Quelle que soit notre incompréhension, le service a donc été interrompu. La presse s'en est émue, même s'il est vrai que la qualité de service s'était beaucoup dégradée les dernières années. Ne pouvant nous résoudre à voir disparaître cette ligne historique, nous avons lancé un travail collaboratif – réunissant l'État, la Semmaris, les entreprises du marché et les acteurs du territoire, notamment la région Occitanie – qui a permis de relancer le fret ferroviaire. Je regrette que M. Jean Castex ne figure pas dans la liste des personnes que vous avez auditionnées : choqué par l'interruption du train des primeurs, il m'avait reçu à Matignon et je dois dire qu'à cette période, l'appui de l'État a été important.

Ma priorité consistait bien évidemment à faire repartir le train traditionnel. Il a fallu détruire les arguments de la SNCF sur la vétusté des wagons – j'observe du reste qu'après quelques réparations, ces wagons qui n'étaient pas censés pouvoir rouler tiendront jusqu'en 2025. Nous avons également essayé de rendre solide l'offre du train traditionnel, ce qui supposait de la régularité. Nous nous sommes donc battus avec le prédécesseur de SNCF Réseau pour obtenir des sillons.

Si nos relations avec la SNCF sont très fluides, ce n'est pas le cas pour SNCF Réseau, qui a tout d'un État dans l'État. À titre d'exemple, le préfet de département m'a un jour appelé pour s'étonner que je veuille détruire le TGV Est. Le fond de l'histoire était simplement qu'après avoir sollicité SNCF Réseau en vain durant deux ans, j'avais commencé à faire des travaux sur un poste de commande du marché de Rungis : c'est seulement alors que SNCF Réseau avait réagi ! J'ai stoppé les travaux immédiatement, mais en en gardant le sentiment que la communication n'est pas fluide entre la SNCF et SNCF Réseau.
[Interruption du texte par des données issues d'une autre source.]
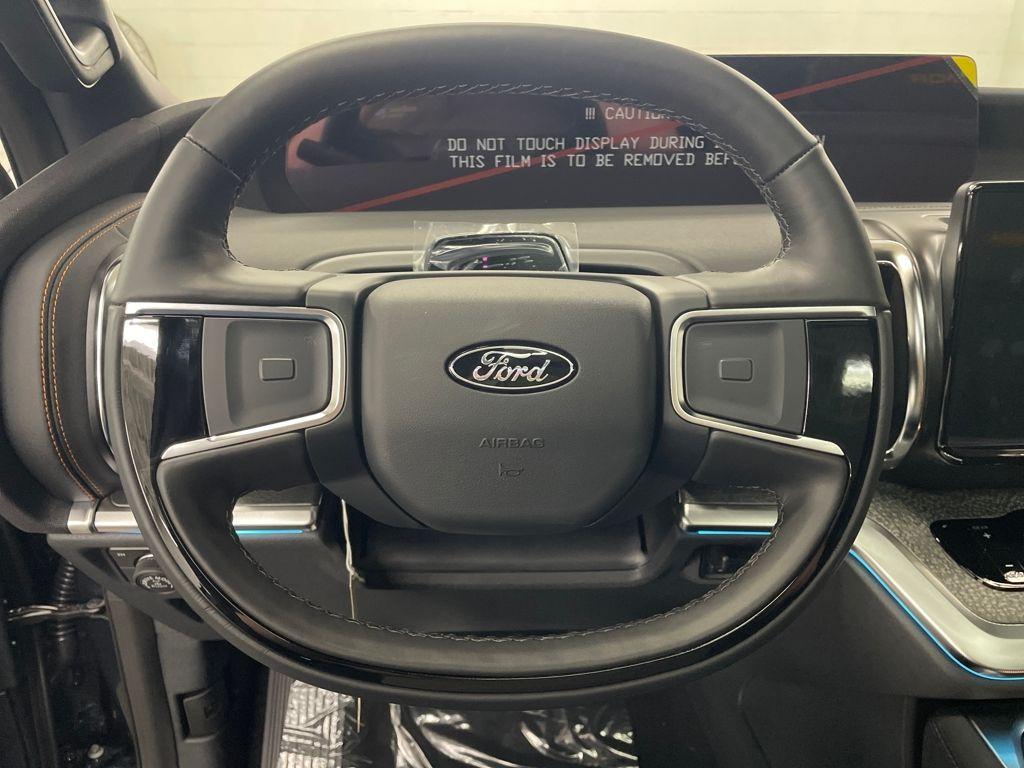 new 2025 Ford Expedition car, priced at $81,802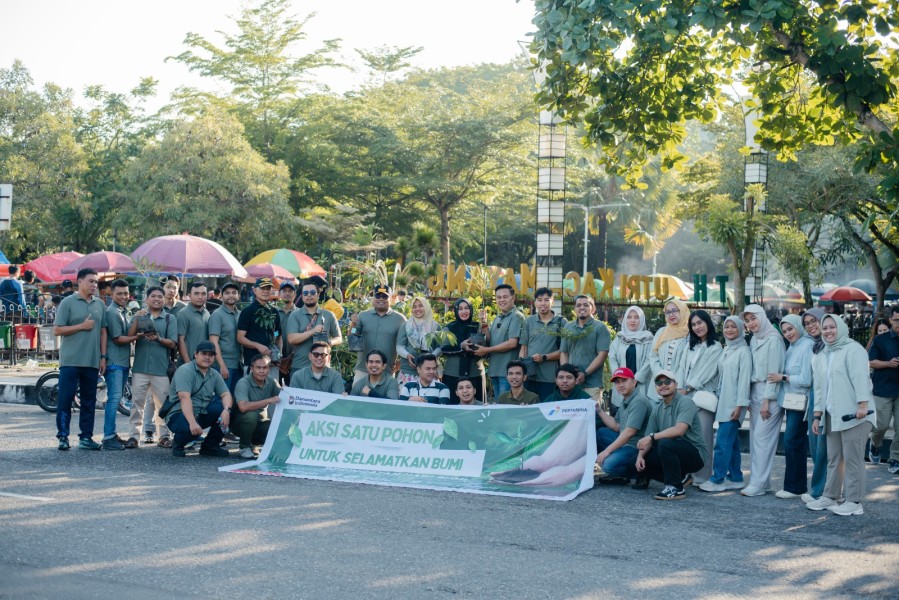 Pertamina Patra Niaga Regional Sumbagut Melalui Fuel Terminal Sei Siak Bagikan Bibit Pohon, Ajak Masyarakat Lestarikan Lingkungan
J'ai interrogé les entreprises du marché, les acteurs des fruits et légumes, pour comprendre leurs besoins. Il en est ressorti qu'ils avaient tous un intérêt fort pour le service ferroviaire, à la condition d'avoir une offre fiable, ponctuelle et modernisée. Chaque retard d'un train est fatal pour une partie de la cargaison, avec des pertes financières importantes à la clé : si un produit de consommation classique peut arriver avec trois heures de retard, le même retard pour une barquette de fraises du Perpignan-Rungis se traduit par vingt-quatre heures de délai dans sa commercialisation, soit une grosse différence en termes de fraîcheur. Les entreprises du marché ont également fait valoir que de nouvelles liaisons ferroviaires pourraient être utiles, notamment avec la région d'Avignon et avec le port de Dunkerque.

Dans un second temps, nous nous sommes interrogés sur la pertinence de la technologie du wagon conventionnel. Ayant d'excellentes relations et Fret SNCF et son président, M. Frédéric Delorme, nous savons qu'il leur est difficile de trouver un équilibre sur cette ligne, du fait de l'absence de retour de flux. Nous avons donc envisagé d'autres options pour le trajet du retour en région, y compris des produits industriels. En discutant avec une dizaine d'opérateurs ferroviaires, nous avons compris que l'unité de base du fret ferroviaire était, qu'on le veuille ou non, celle du transport combiné, autrement dit le conteneur, par chargement vertical ou horizontal. Nous avons donc envisagé une solution de transport combiné à Rungis.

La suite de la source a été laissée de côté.